Mexican food is popular all over the world, but unfortunately, some people think it consists solely of tacos. While it’s true that tacos are popular in the country and are available almost everywhere, Mexican food consists of various dishes and ingredients that are beneficial to our health. Aztec and other indigenous traditions still influence the country’s modern cuisine, and one ingredient that is still important in Mexico and is growing in popularity worldwide is the earthy corn fungus known as huitlacoche. In English it’s known as “corn smut” or “devil’s corn,” and it’s delicious!
What is huitlacoche?
Huitlacoche actually comes from a fungus called Ustilago maydis that grows on a plant’s ovaries and keeps it from growing the way it should. When the fungus grows on corn it causes the kernels to grow in abnormally large sizes, eventually making kernels grow longer than they should. Considered an infection in countries like the United States, huitlacoche is a Mexican delicacy that is often added to quesadillas, used as a side dish, or used as a topping in other Mexican dishes such as huarache (a formation of dough that is shaped like an oval, fried, topped with beans, other ingredients of choice, and queso fresco).
Many foreigners often have their doubts when deciding to try huitlacoche for the first time. After all, it is a fungus and it doesn’t quite look aesthetically pleasing. It’s also hard to find fresh in the United States or other countries and is probably best tried locally. If you’re lucky you may live in a part of the world that has Mexican restaurants that serve dishes featuring huitlacoche as the main ingredient.

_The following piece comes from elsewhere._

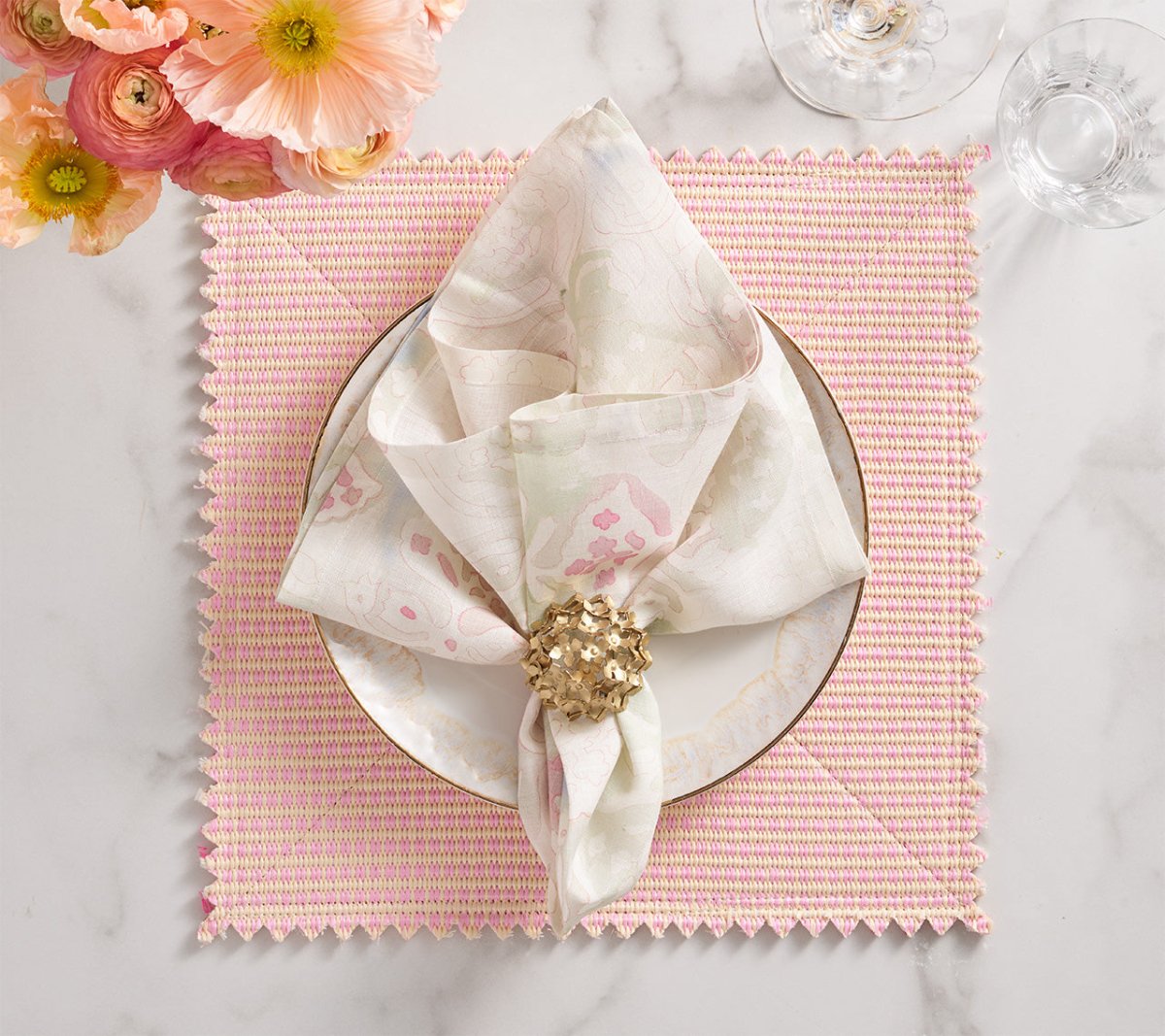 Duet Placemats in Blush & Pink Set of 4 by Kim Seybert at Fig Linens and Home - View 32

Is huitlacoche a mushroom?
Most people refer to huitlacoche as a mushroom because it’s easier to explain its formation this way. Though this ingredient is the product of a fungus, it’s really part corn and part mushroom, and some people consider it a truffle. The latter explanation is also inaccurate.
Did Aztecs use huitlacoche?
Huitlacoche has been used in Mexico since the Aztec era. Its name stems from Nahuatl and although the roots of the name are a source of debate, it is widely accepted that its translation roughly means “raven excrement.” Ancient Aztecs bestowed the mushroom with special characteristics and even thought it was an aphrodisiac.
Health Benefits Of Huitlacoche
The fungus actually comes into contact with corn, changes its metabolic patterns, and actually makes the corn healthier thanks to these changes. This makes huitlacoche a rich source of protein, unsaturated fatty acids, and lysine.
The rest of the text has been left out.